Figure 5-1 Selectors for an ADF Faces table Component

Selectors for an ADF Faces Table Component

Use the tools that the visual editor for ADF skins provides to customize the appearance of the ADF Faces components and ADF Data Visualization components. For more information, see Chapter 3, "Working with the Oracle ADF Skin Editor."

Other sources of information that may help you as you change the selectors of ADF Faces and ADF Data Visualization components include the following:

5.2 Changing ADF Faces Components' Selectors

ADF Faces components render user interface controls such as command buttons, command links and check boxes in your web application. ADF Faces components also include components that render calendars, panels to arrange other user interface controls and tables in your web application. For more information about ADF Faces components and the functionality that they provide, see the Oracle Fusion Middleware Web User Interface Developer's Guide for Oracle Application Development Framework.

You can change the runtime appearance of ADF Faces components by editing the properties that each ADF Faces skin selector exposes. The number of selectors that an ADF Faces component exposes varies by component. For example, the ADF Faces components, af:image and af:popup, expose one selector each. In contrast, the ADF Faces component, af:panelHeader, exposes a variety of selectors that enable you to change the appearance of different parts of the user interface of that component.

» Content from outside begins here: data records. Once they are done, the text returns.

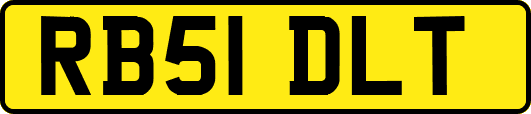 RB51DLT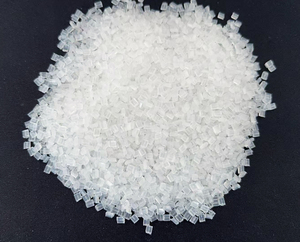 生分解性<span class=keywords><strong>HDPE</strong></span>植物粉末複合製品木材プラスチックポリマー樹脂プラスチック粒子成形用 - Product Image 2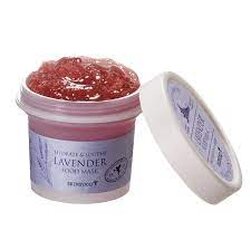 Skinfood Lavender Food Mask 120 g.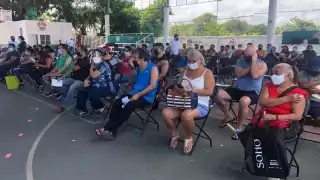 La tercera dosis anticovid en Cancún es AstraZeneca, independientemente de las recibidas con anterioridad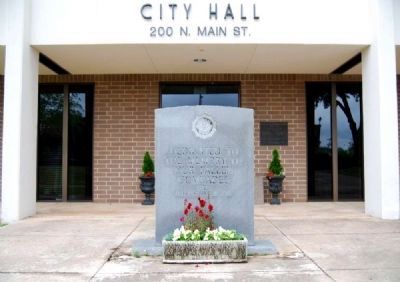 Fountain Inn Veterans Monument. Click for full size. Fountain Inn Veterans Monument image. Click for full size.
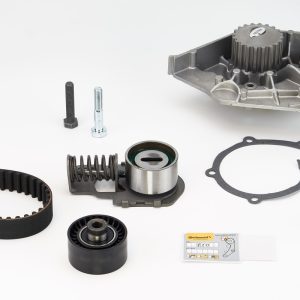Set pompa apa + curea dintata CONTITECH CT772WP1 – CITROEN | AutoRival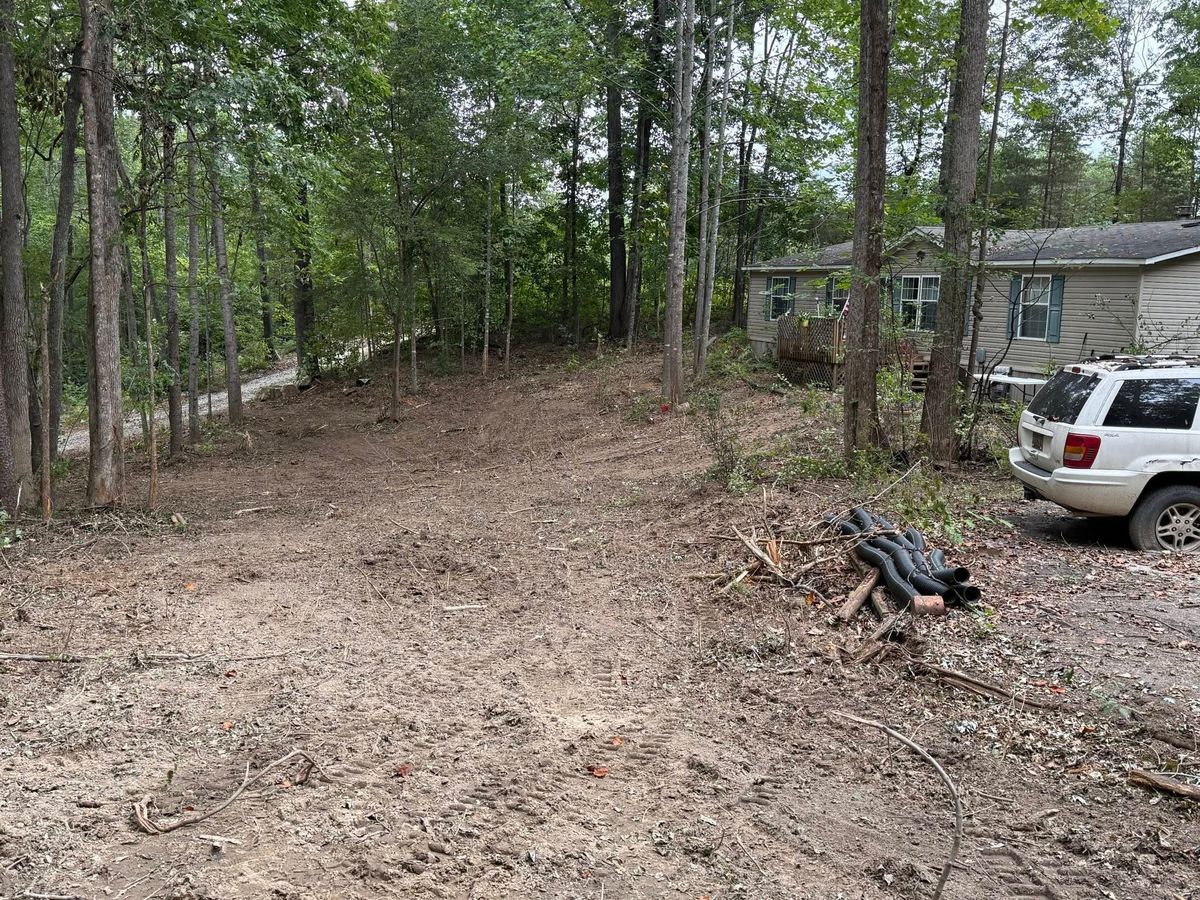 Septic Tank Installation for Seay’s Septic in Inman, SC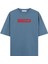 Less Is More Oversize T-Shirt (Ekstra! Bol Kesim) 1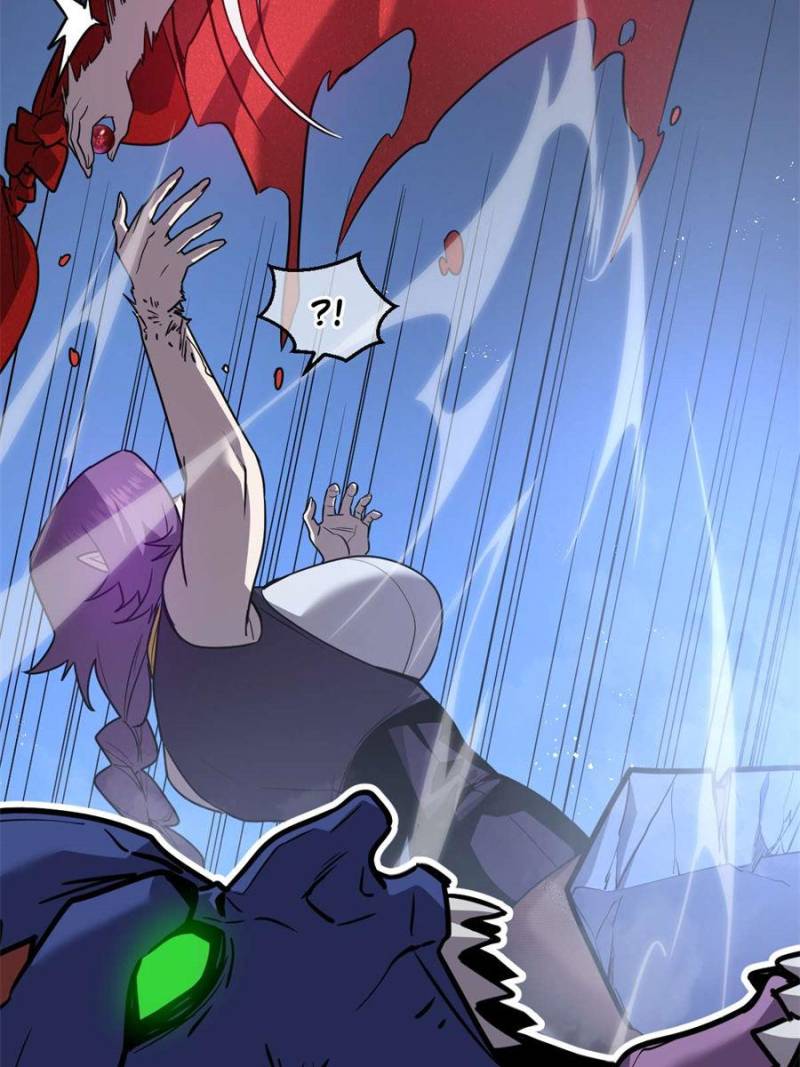 Seres’s Resolve: The Battle for Humanity Chapter 34 485 106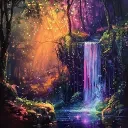 La grande foret Wolferique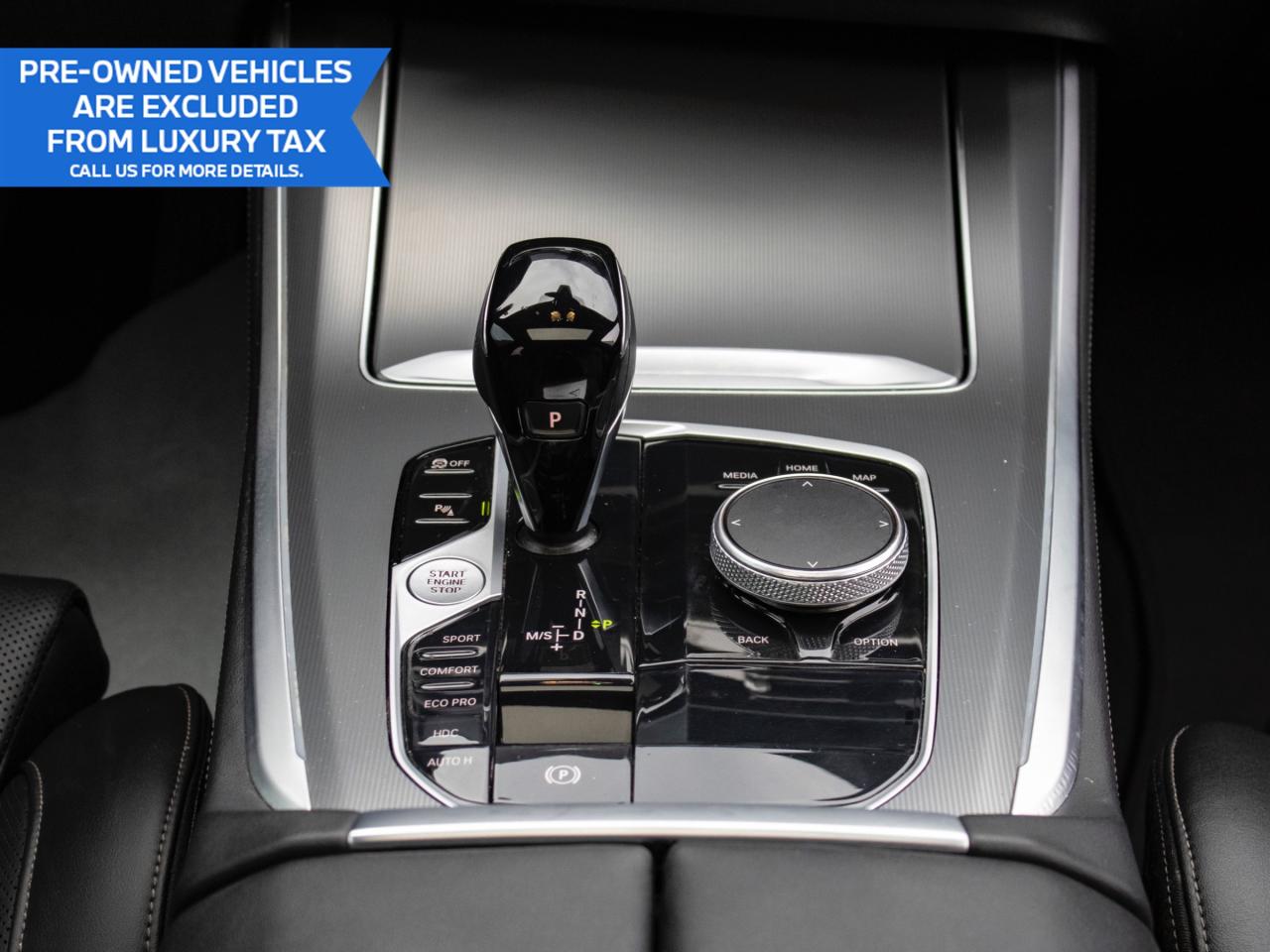 2023 BMW X5 HEADS UP DISPLAY-PARK ASSIST-SURROUND VIEW Photo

There are, for example, selectors that allow you to change the af:panelHeader component's instruction text, help icons, and titles.

The process to follow to change the runtime appearance of an ADF Faces component is the same for each component; the only difference is the number of selectors that each ADF Faces component exposes. Figure 5-2 and Figure 5-3 take the goButton component as an example and illustrate how you can customize the appearance of this component using pseudo-elements and the component's selector. Figure 5-2 shows the application of the default ADF Faces' fusion skin on the goButton component and the component icon.

Figure 5-2 goButton Component Default Appearance with Fusion ADF Skin

Button (Go) Component Default Appearance with Fusion Skin

Figure 5-3 shows the appearance of the component after you set values for the following pseudo-elements on the component's selector:

Figure 5-3 goButton Component with Modified Selectors

Button (Go) Component with Modified Selectors

Reference information about the selectors that ADF Faces components expose can be found in the Oracle Fusion Middleware Tag Reference for Oracle ADF Faces Skin Selectors.

5.3 Changing ADF Data Visualization Components' Selectors

The ADF Data Visualization components are a set of components that provide functionality to represent data in graphical and tabular formats. Examples of the ADF Data Visualization components include the following: graph, gantt, pivot table, and hierarchy viewer. For more information about ADF Data Visualization components and the functionality that they provide, see the Oracle Fusion Middleware Web User Interface Developer's Guide for Oracle Application Development Framework.

You can change the runtime appearance of ADF Data Visualization components by editing the properties that each ADF Data Visualization component selector exposes. The number of selectors exposed by an ADF Data Visualization component varies by component.

Figure 5-4 shows an ADF skin with the nodes expanded to show the selectors that you can customize for the ADF Data Visualization gauge component.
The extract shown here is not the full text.